George Albert Ravenhill (21 February 1872 - 14 April 1921) was an English recipient of the Victoria Cross, the highest award for gallantry in the face of the enemy that can be awarded to British and other Commonwealth forces. Ravenhill is one of eight men whose VCs were involuntarily forfeited.

==Military service==
Ravenhill was born in Aston, Birmingham in 1872. In May 1889 Ravenhill joined the 1st Battalion of The Royal Scots Fusiliers at Birr, County Offaly. He served near six years in India then two years with the 2nd Battalion in South Africa. He gained the Queen's and the King's medals, with clasps, for Relief of Ladysmith, Transvaal and Cape Colony.
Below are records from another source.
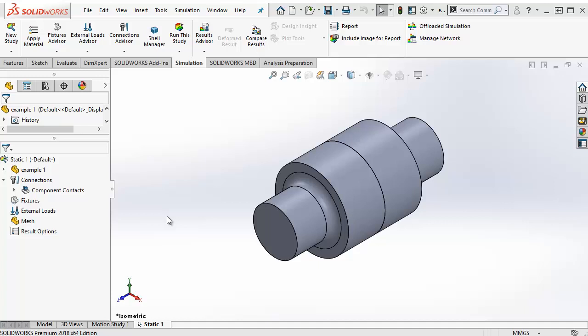Hi, I'm Karl-Johan Jonsson and in this video we're going to look at how to assign material properties to the bodies in a SolidWorks simulation study.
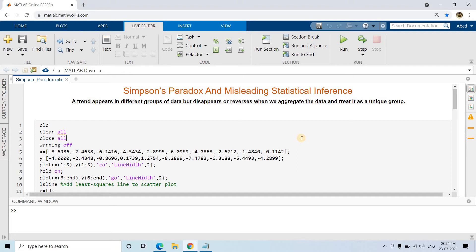In simple words, you have your population data and you take small samples out of it. In those samples you might find a trend. In different samples you might find different trends. But when you combine all the samples back into the population and look at the whole, those particular trends which you observed in the samples might disappear or get completely reversed. That is what Simpson's Paradox is all about.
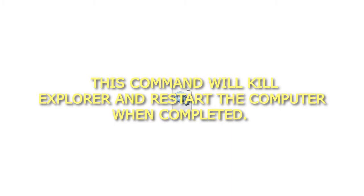Step 1: Close and save anything that you are working on. This command will kill Explorer and restart the computer when completed.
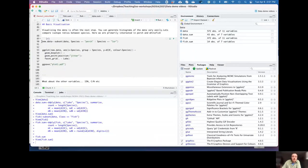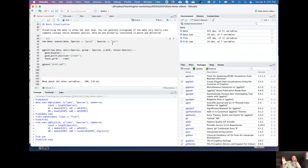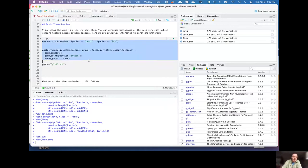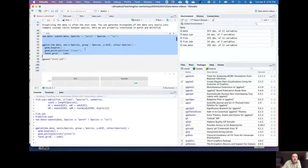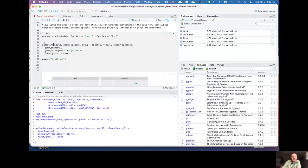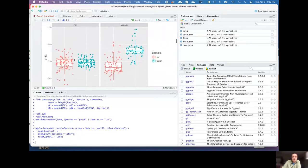We're particularly interested in two species — perch and whitefish — and how their isotope ratios differ relative to each other in these two lakes: one deep and one shallow. We subset the data where species is perch or LSR, then plot it in ggplot with species on the x-axis, carbon isotope ratio on the y-axis, grouped and colored by species, as a boxplot.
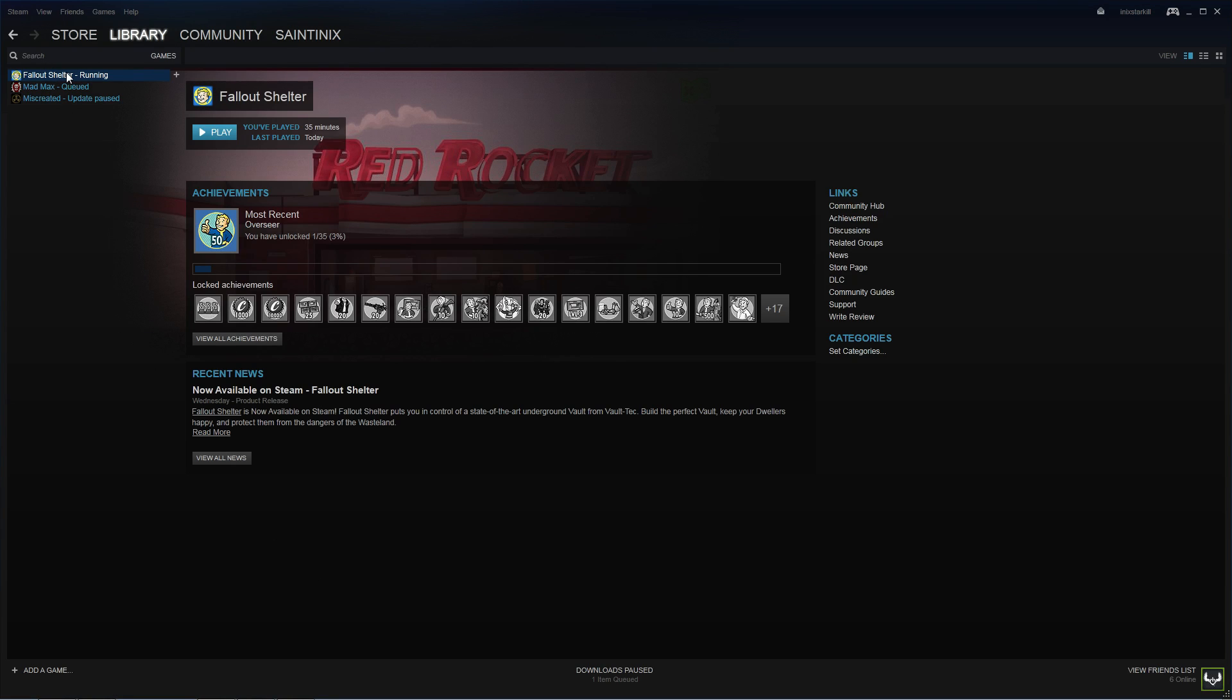Alright, so big update. Fallout Shelter is now on Steam, and I got the save files to work. I'm going to show you how.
Ravenhill was 27 years old, and a private in the 2nd Battalion, The Royal Scots Fusiliers, British Army during the Second Boer War when the following deed took place on 15 December 1899 at the battle of Colenso, South Africa for which he was awarded the VC. His citation reads:

At Colenso, on the 15th December, 1899, Private Ravenhill went several times, under a heavy fire, from his sheltered position as one of the escort to the guns, to assist the officers and drivers who" were trying to "withdraw the guns of the 14th and 66th Batteries, Royal Field Artillery, when the detachments serving them had all been killed, wounded, or driven from them by infantry fire at close range, and helped to limber up one of the guns that were saved.

He was wounded at Colenso due to being shot through the forearm.

==Forfeiture==
Ravenhill's VC was forfeited in 1908 after he was imprisoned for theft of a quantity of iron and could not afford to pay the 10 shilling fine. His VC-entitled pension was also withdrawn.

Despite the forfeiture of his VC, Ravenhill re-enlisted into the army in September 1914, aged 42, and fought in the First World War. During the next two years he earned the British, Victory and 1915 Star campaign medals. He was invalided out of the army for health reasons in 1916.

Ravenhill died in poverty at the age of 49, and three of his children were taken away to be fostered in the USA and Canada. Ravenhill is buried in an unmarked grave at Witton Cemetery, Birmingham.

==The Medal==
Ravenhill's Victoria Cross is currently displayed at the Museum of The Royal Highland Fusiliers in Glasgow, Scotland.